# COLLECTED DATA
-*-*-

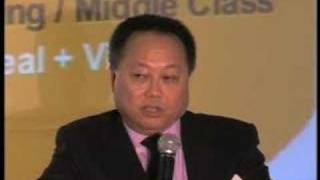 Verge Greater China - The Changed Media Landscape panel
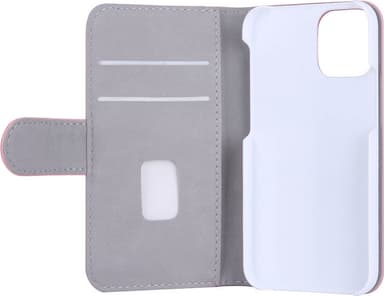 Gear Apple iPhone 12 Mini lommebokdeksel (rosa)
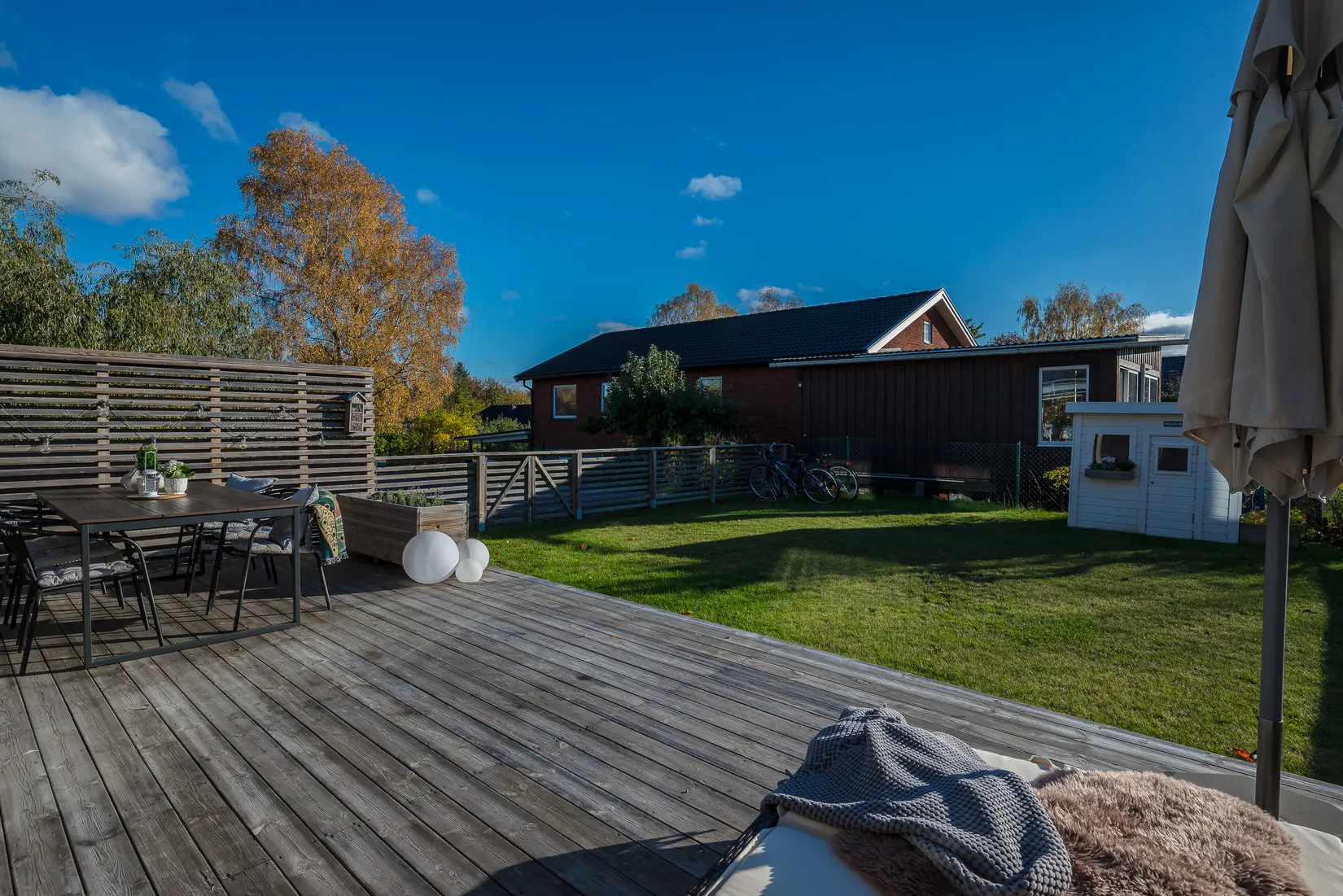Radhus, Kavallerivägen 10B, Västra Bällsta, Vallentuna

-*-*-

# WHAT THIS TASK INVOLVES
Pictures aside, retype the material exactly.

# THE COMPLETED TASK
 Verge Greater China - The Changed Media Landscape panel
 Gear Apple iPhone 12 Mini lommebokdeksel (rosa)
Radhus, Kavallerivägen 10B, Västra Bällsta, Vallentuna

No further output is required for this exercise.